California treats these clauses as unlawful restraints on professional practice. For trucking employers who previously required drivers to repay training investments or return sign-on bonuses for early departure, these provisions face elimination under the new standard.
How This Changes Driver Employment in California
Benefits for Drivers and Job Seekers
Workers gain substantially increased mobility and freedom. Drivers can accept employment or training without concern about financial penalties for leaving. The law removes debt-based contract traps.
The transportation sector has historically used repayment provisions for training, licensing, certifications, and relocation assistance. These practices now face prohibition when structured as debt payback arrangements.
Requirements for Employers and Fleets
Carriers must audit existing agreements immediately. All employment contracts, training repayment forms, sign-on bonus agreements, and retention bonus structures need review and revision before January 2026 to prevent legal exposure.
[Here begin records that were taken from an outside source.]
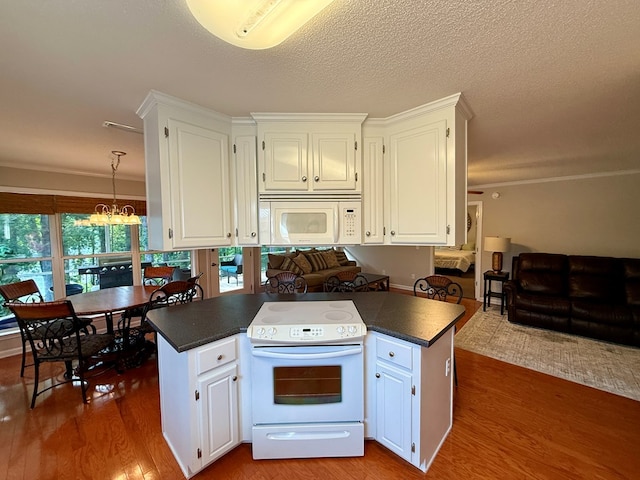 683 B Calhoun Dr, Abbeville, AL 36310 - kitchen with white appliances, dark countertops, a chandelier, white cabinets, and ornamental molding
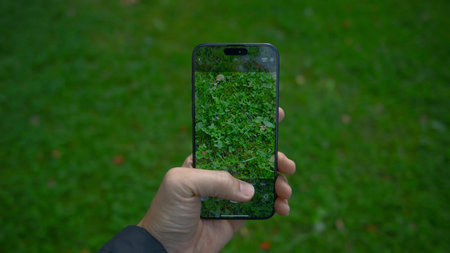 China, Beijing - September 15, 2023: iPhone 15 Pro screen shooting grass. Action. Close-up of phone display taking pictures of nature. Clear image on screen of shooting phoneのeditorial素材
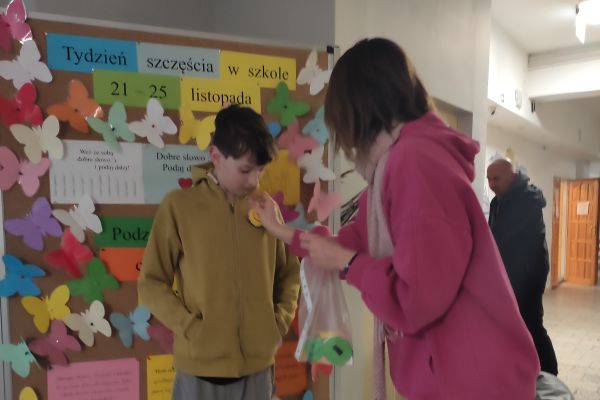 Pani przyklejająca kolorową buźkę uczniowi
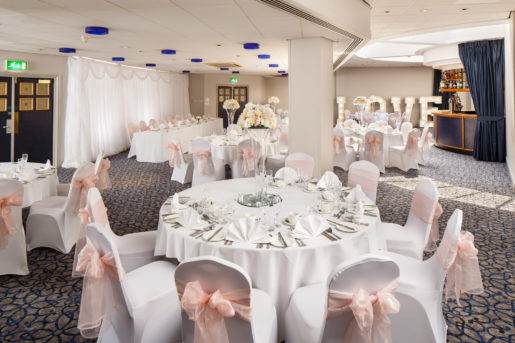 The Rivington Park Suite at Mercure Bolton Georgian House Hotel ready for a Wedding Breakfast with round tables.
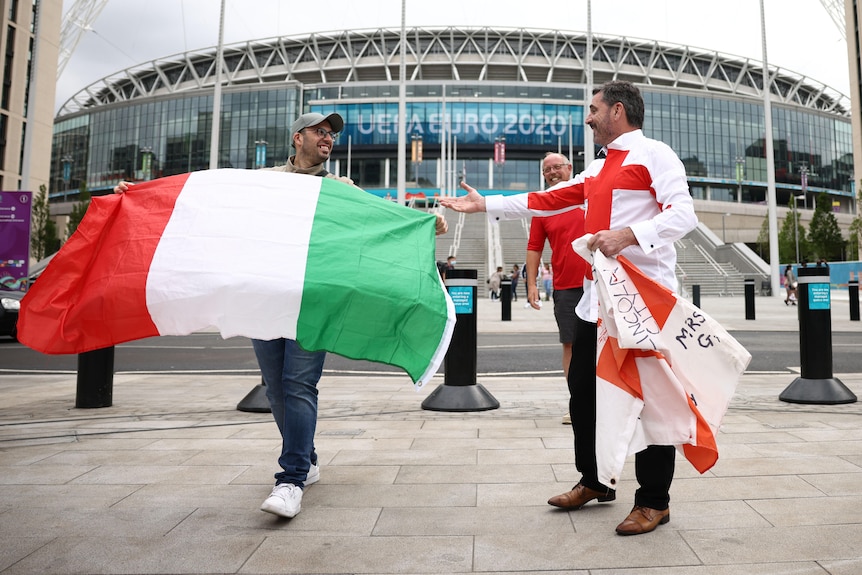 Fans stand sibe by side in front of stadium waving Italy and England flags 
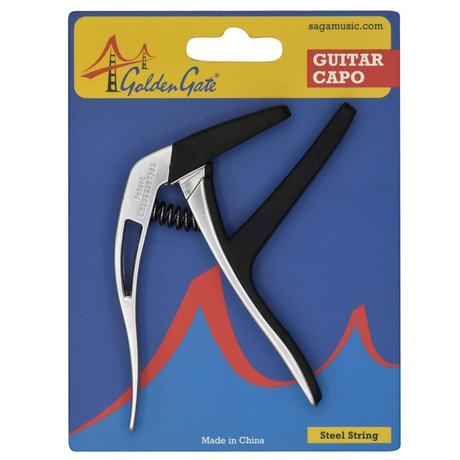 The image shows a Golden Gate guitar capo for steel-string guitars in retail blister packaging. The capo features a silver metal body with black rubber padding and a spring-loaded clamp with an ergonomic handle. The packaging has a blue background with red accents, displays the Golden Gate Bridge logo, sagamusic.com, and states it is made in China. The capo clamps the fretboard to raise pitch and change keys easily.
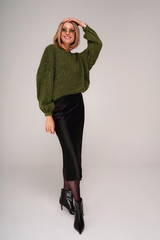 Attractive female model wearing trendy sweater, midi skirt and boots, posing on studio background.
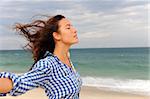 freedom: woman enjoying the wind and the sea
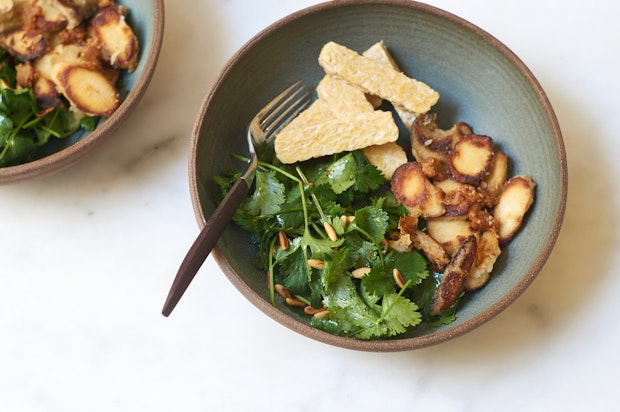 sake mushrooms in a bowl with a salad placed on a countertop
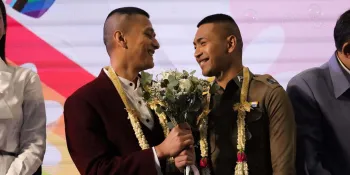 Pol Sen Sgt Maj Pisit Sirihiranchai (right) married his boyfriend, Chanathip Sirihiranchai, at the Marriage Equality Day event at Siam Paragon on 23 January.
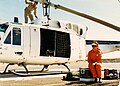 Canadian CH135 Twin Huey helicopter and an MFO Observer in her distinctive orange uniform 1989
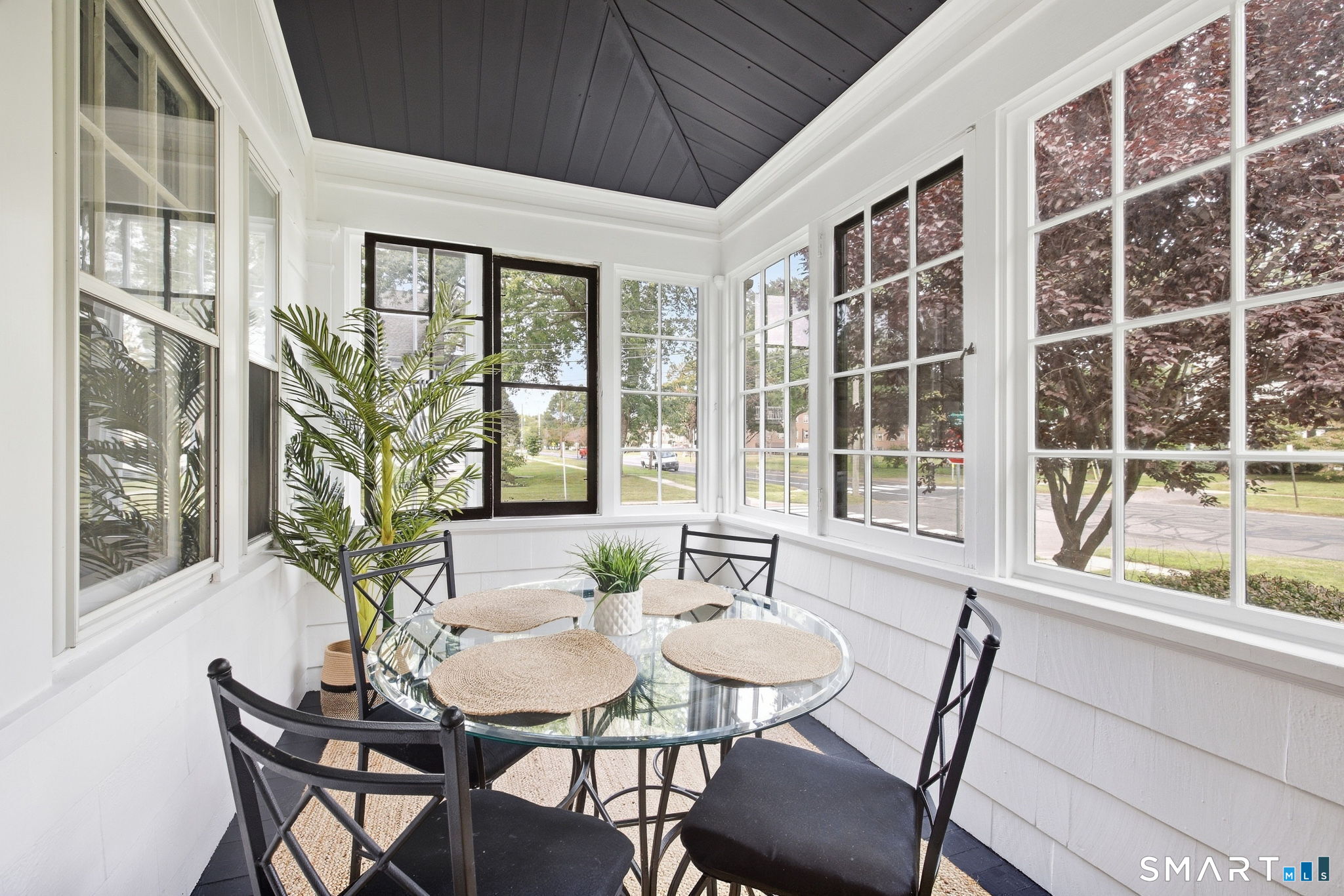Enclosed sunroom with a round glass dining table, black chairs, and large windows.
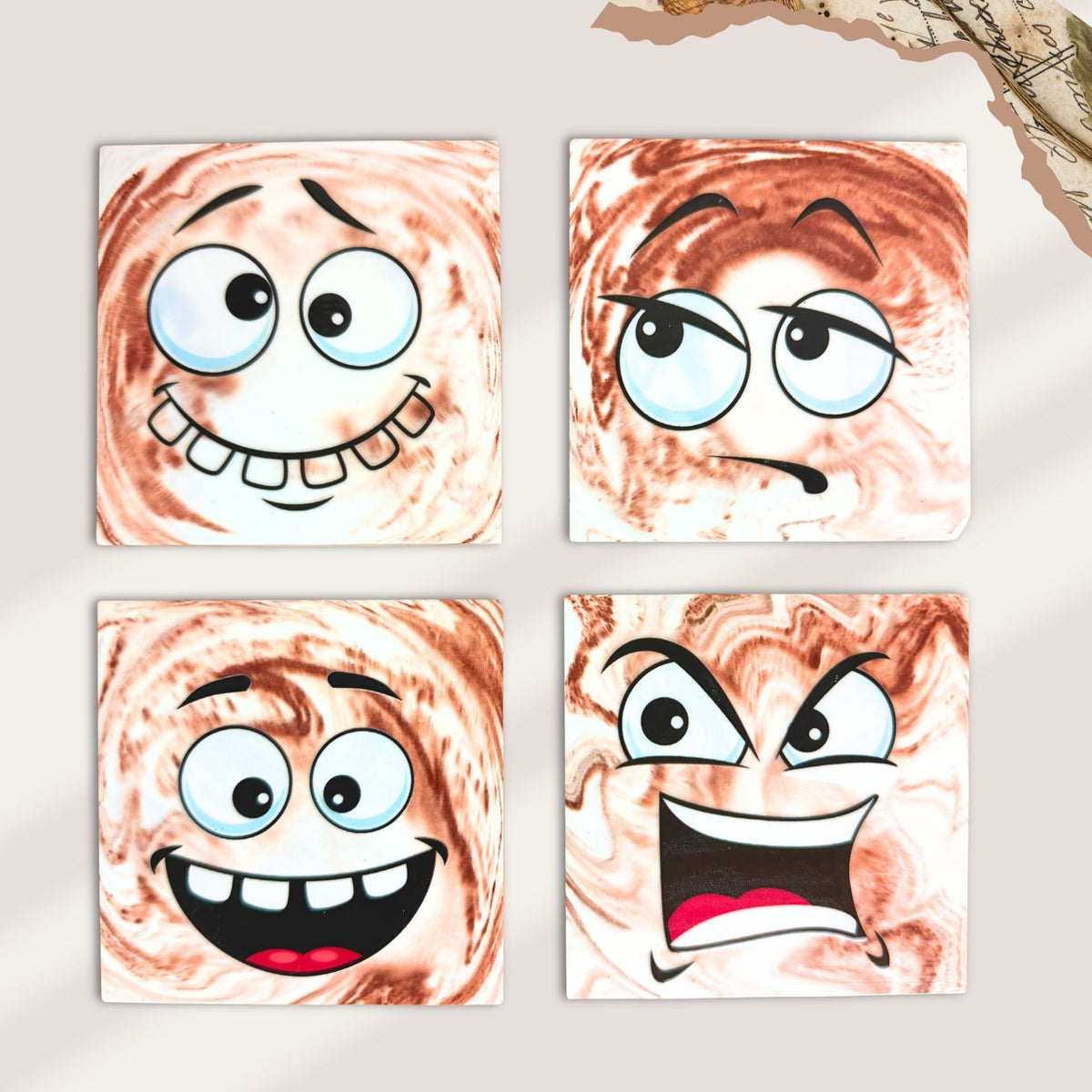 Four brown and cream marble effect coasters each with a fun expression. A playful wide-eyed face with a toothy grin,  an unimpressed side-eye expression, a cheerful cartoon face with wide eyes and an open smile, and a raised eyebrows, wide eyes and an exaggerated open-mouth expression.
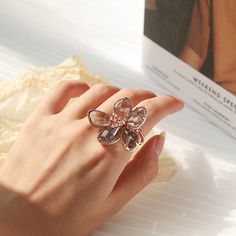 Floral Crystal Ring Rose Gold Metal Rings For Wedding, Adjustable Crystal Flower Ring, Elegant Flower Shaped Metal Rings, Rose Gold Metal Rings As Gift, Metal Crystal Ring As A Gift, Rose Gold Metal Rings For Gift, Rose Gold Crystal Flower Jewelry, Rose Gold Crystal Flower-shaped Jewelry, Gold Crystal Rings As Gifts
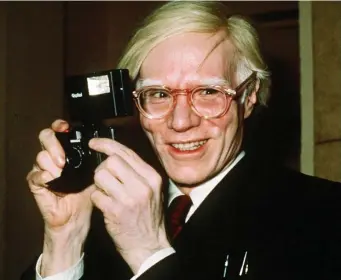  ?? Ap file pHotos ?? COPYRIGHT: Pop artist Andy Warhol smiles in New York in 1976. A federal appeals court sided with photograph­er Lynn Goldsmith Friday in her copyright dispute over how a foundation has marketed a series of Andy Warhol works of art based on her pictures of Prince.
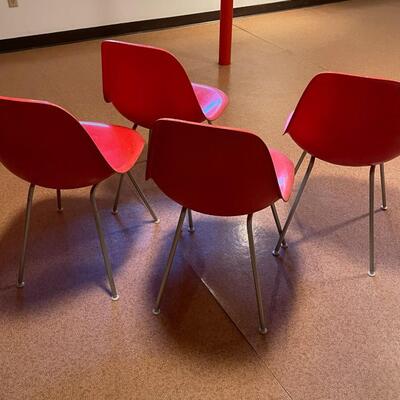 4 red Herman Miller molded plastic chairs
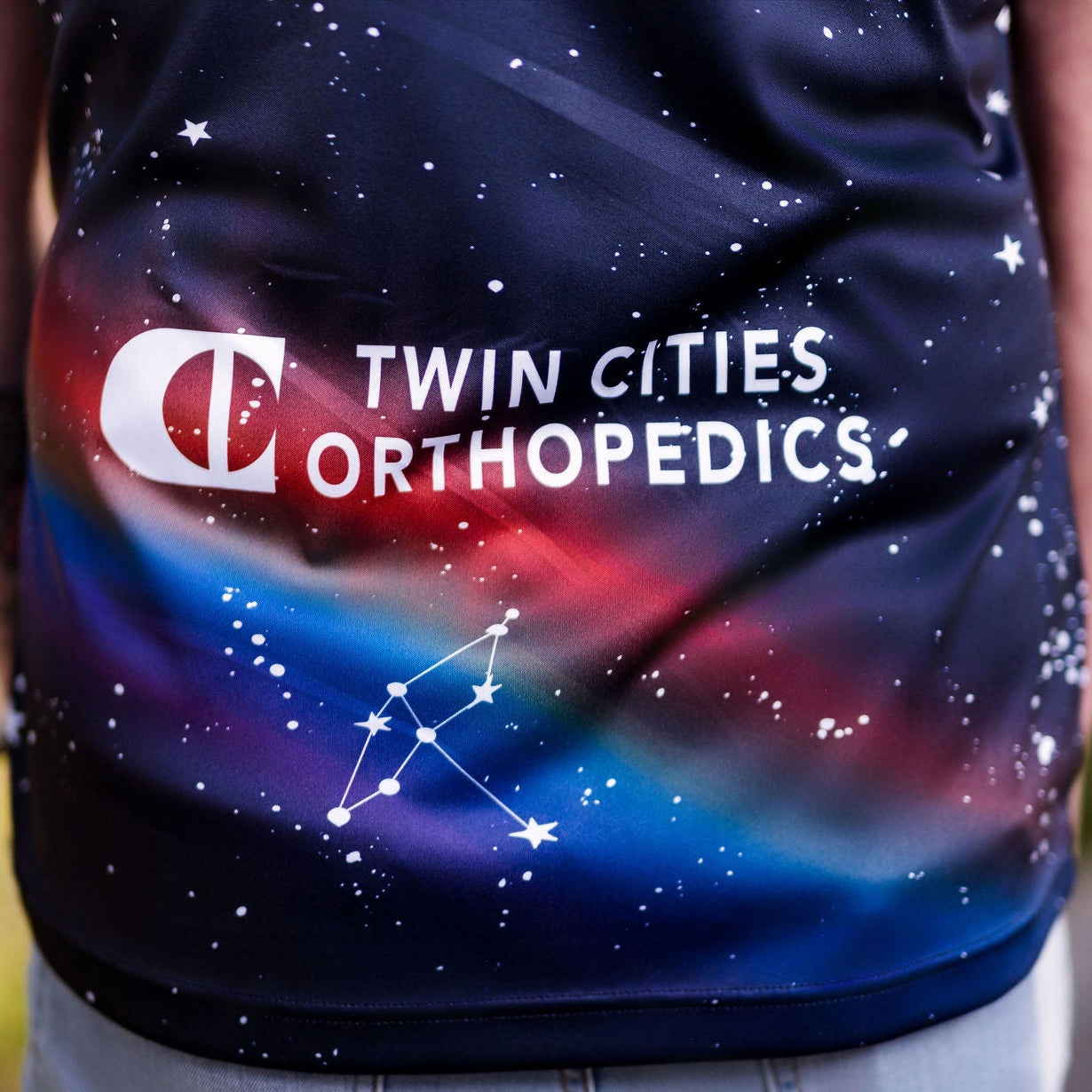 Person wearing a shirt with 'Twin Cities Orthopededics' logo and space-themed design.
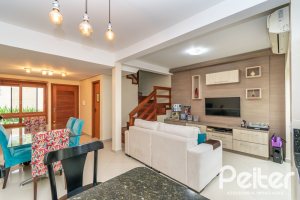 Casa em Condomínio à venda com 133m², 3 dormitórios, 1 suíte, 2 vagas, no bairro Tristeza em Porto Alegre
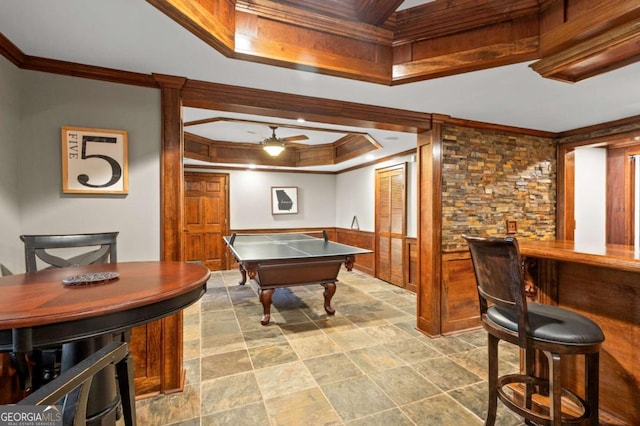 4840 Spring Park Cir, Suwanee, GA 30024 - recreation room featuring a raised ceiling, ornamental molding, ceiling fan, a bar, and stone finish flooring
The statute includes narrow exceptions for specific repayment obligations, but these carry strict requirements. Permitted arrangements include contracts for discretionary signing bonuses and tuition for transferable credentials like commercial driver’s licenses, but only when companies follow precise conditions: separate agreements, prorated repayment terms, mandatory attorney consultation rights, zero interest charges, and additional safeguards.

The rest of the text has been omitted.